Reinforcement Learning in Business Applications

Abstract

Over the past decade we have seen an increasing use of Artificial Intelligence (AI) in business decision making, with the goal of higher decision accuracy and better business outcomes. Many business problems are “open loop” meaning that the decisions made by the ML model do not affect the observations that occur in the future. Canonical unsupervised and supervised learning are eminently suited to solving such problems. However, there is also a large class of “closed loop” problems where the decisions immediately and appreciably change the state of the business environment and hence modify its future behavior. Examples include choosing pricing and promotions, fraud management and supply chain management. In general, for predicting good decisions in such closed-loop processes we need to account for our past decisions and their rewards. In such situations the machinery of unsupervised and supervised learning is found insufficient. Classically such “closed-loop” problems in business have been solved through the Planning, which involves a two-step process – first learn the model of the environment and then solve a well-defined optimization problem to recommend a plan of action given current observations and the known environment model. The problem with this approach is that if the model of the environment undergoes frequent and large systemic “shocks”, there is insufficient time and data to ever learn the model accurately. This means that planning relies on a perpetually biased model and no matter how well the subsequent optimization problem is solved the rewards earned will not be maximized. Additionally, re-estimation of the environment model frequently can also be computationally very costly. Therefore we look to a new type of machine learning called Reinforcement Learning (RL) which seems to be the suitable ML technology for artificially intelligent decision making in closed-loop business applications where systemic shocks are large and frequent.  Being “model-free”, it moves away from the classical two-step planning process and embraces continuous update of decision policies that entirely bypass the need for an environment model. This gives it better agility as well as robustness relative to classical planning. We illustrate the utility of RL in fraud protection for online/ecommerce, where it can help answer the question “How should we continuously tune the rejection threshold for the fraud score to maximize long term profit?”.

Profile

Anand Oka is Partner AI Architect in the Business Applications and Platform group of Microsoft’s Cloud and AI product division.

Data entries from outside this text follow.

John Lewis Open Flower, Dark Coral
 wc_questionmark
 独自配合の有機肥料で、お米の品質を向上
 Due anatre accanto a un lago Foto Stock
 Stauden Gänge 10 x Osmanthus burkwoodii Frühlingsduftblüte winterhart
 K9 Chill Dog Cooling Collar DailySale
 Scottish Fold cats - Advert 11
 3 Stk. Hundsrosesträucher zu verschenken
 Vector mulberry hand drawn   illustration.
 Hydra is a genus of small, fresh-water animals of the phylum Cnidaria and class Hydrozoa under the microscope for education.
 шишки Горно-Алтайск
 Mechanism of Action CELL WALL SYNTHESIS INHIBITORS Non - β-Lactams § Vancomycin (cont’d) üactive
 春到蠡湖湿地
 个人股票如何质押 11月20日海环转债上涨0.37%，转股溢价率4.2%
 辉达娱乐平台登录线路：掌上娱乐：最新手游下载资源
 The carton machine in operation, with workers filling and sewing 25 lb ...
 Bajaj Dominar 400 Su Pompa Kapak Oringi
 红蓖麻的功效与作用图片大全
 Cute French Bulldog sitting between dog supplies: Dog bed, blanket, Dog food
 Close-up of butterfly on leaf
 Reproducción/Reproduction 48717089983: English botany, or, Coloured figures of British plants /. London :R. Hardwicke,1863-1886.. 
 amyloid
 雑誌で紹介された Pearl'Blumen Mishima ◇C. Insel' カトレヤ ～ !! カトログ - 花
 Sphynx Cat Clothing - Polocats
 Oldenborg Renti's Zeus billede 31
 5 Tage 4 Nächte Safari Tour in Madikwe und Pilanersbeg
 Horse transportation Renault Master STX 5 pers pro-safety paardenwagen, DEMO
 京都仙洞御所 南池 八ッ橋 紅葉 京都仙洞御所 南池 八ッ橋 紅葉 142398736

He drives innovative applications of connected big data and AI to solve challenges faced by enterprises embarking on digital transformation. Previously Anand was General Manager of Dynamics 365 Supply Chain Insights, an innovative SaaS service that helps enterprises improve the resilience of their supply chains through better visibility, insights, and collaborative actions. Earlier Anand was product lead for Dynamics 365 Fraud Protection. He has also worked on Controlled Feature Exposure and AB Experimentation in Bing, Office, and Cortana. At Blackberry he drove AI applications in search, recommendation, and optimization of mobile communication systems.
 
Anand’s academic training is in broadband and ultra-wideband wireless communication systems. He holds a PhD from University of British Columbia and an MSc from Technion – Israel Institute of Technology, both in Electrical Engineering. He is a Senior Member of IEEE.